Im Fall der ÖIAG, der Österreichischen Staatsholding AG, handelt es sich um einen Mischkonzern. Der Staat hat dort - nicht seine gesamten - Industriebeteiligungen geparkt: Post AG (52,85 Prozent), OMV (31,5 Prozent), APK Pensionskasse Aktiengesellschaft (29,6 Prozent), Telekom Austria (28,42 Prozent), Vamed (13 Prozent). Darüber hinaus sind in der ÖIAG noch die nicht börsenotierten Bergbau Holding GKP (100 Prozent) und die Fimbag ("Banken-ÖIAG", 100 Prozent).

Ende 2013 lag die Marktkapitalisierung der Staatsbeteiligungen in der ÖIAG bei 5,6 Milliarden Euro, ein Jahr davor bei 4,7 Milliarden Euro. Immerhin, kein ganz unwichtiges Vermögen. Das

Selbstbestellung des Aufsichtsrats

Dass der Staat seine Verantwortung nicht wahrnimmt, liegt in dem im Jahr 2000 unter der ÖVP-FPÖ-Regierungskoalition beschlossenen ÖIAG-Gesetz.
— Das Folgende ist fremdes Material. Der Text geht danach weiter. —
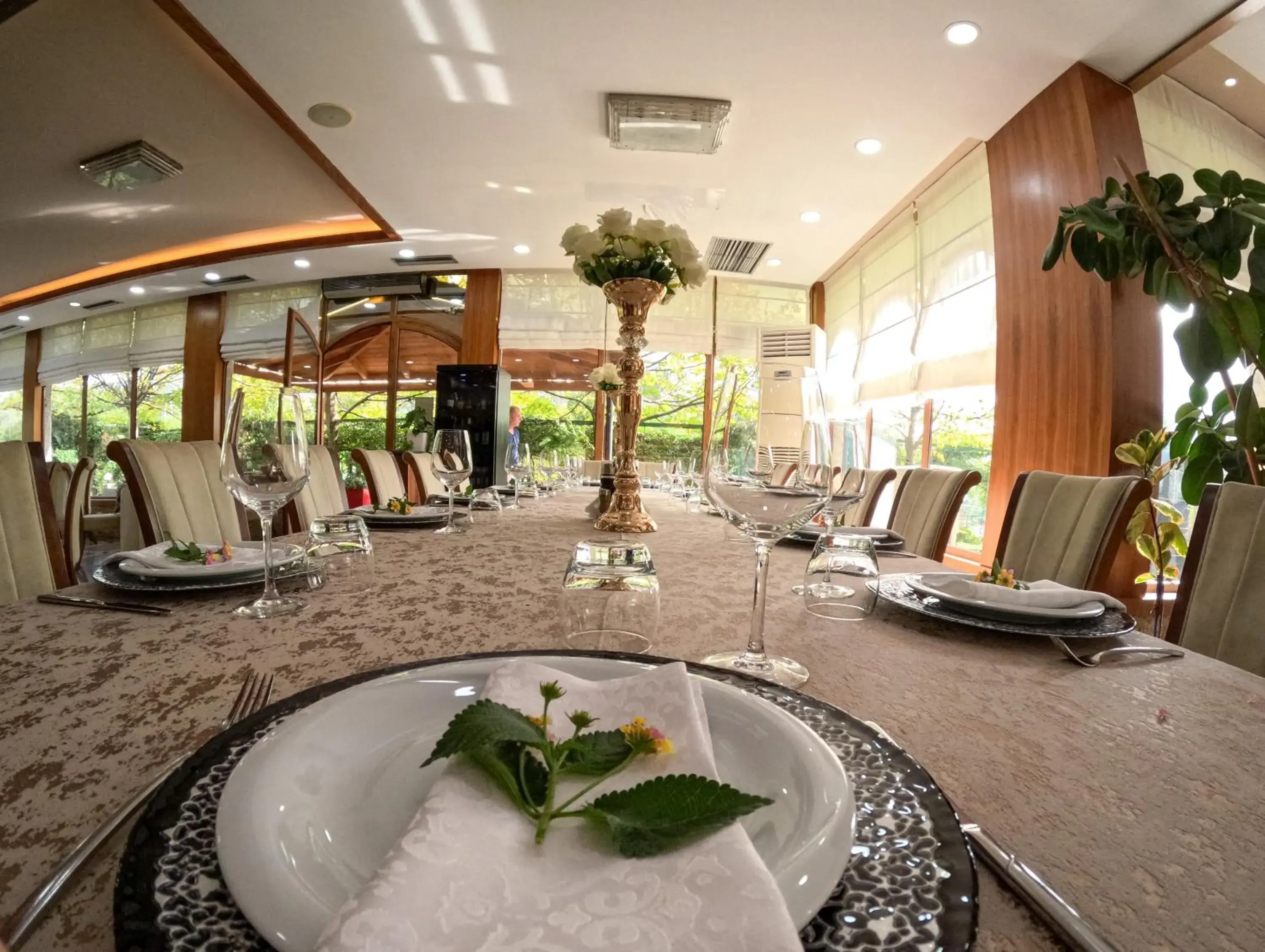 Restaurant/places to eat in Buna Park Hotel Restaurant/places to eat in Buna Park Hotel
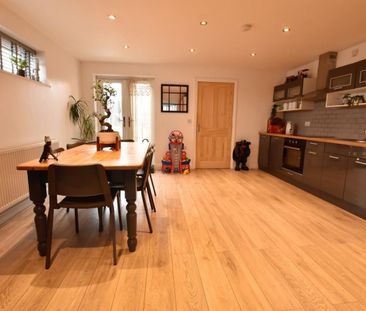 3 bedroom House To Let Total Size: 1111 SQ FT - Photo 3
Damals wurde die Bestellung des Aufsichtsrates der ÖIAG - anders als im Aktiengesetz - so geregelt, dass die Mitglieder des Aufsichtsrates nicht von der Hauptversammlung bestellt werden, sondern für eine einmalige Periode von acht Jahren von den Aufsichtsratsmitgliedern selbst ausgewählt werden. Diese Regelung wurde gewählt, um den parteipolitischen Einfluss zurückzudrängen oder auszuschließen.

"Ich halte das nicht für gescheit", sagt der Industrielle Josef Taus zur "Wiener Zeitung". Taus war von 1967 bis 1975 Aufsichtsratsvorsitzender der ÖIG beziehungsweise der ÖIAG und hat am ersten ÖIG-Gesetz beziehungsweise ÖIAG-Gesetz mitgearbeitet. Damit trifft er sich in seiner Kritik mit Brigitte Ederer, der früheren SPÖ-Europa-Staatssekretärin und späteren Siemens-Managerin, die quasi als einzige Kapitalvertreterin die rote Reichshälfte im ÖIAG-Aufsichtsrat vertritt. Sie würde das System der Selbsterneuerung des Aufsichtsrats ändern, sagte sie im "Kurier".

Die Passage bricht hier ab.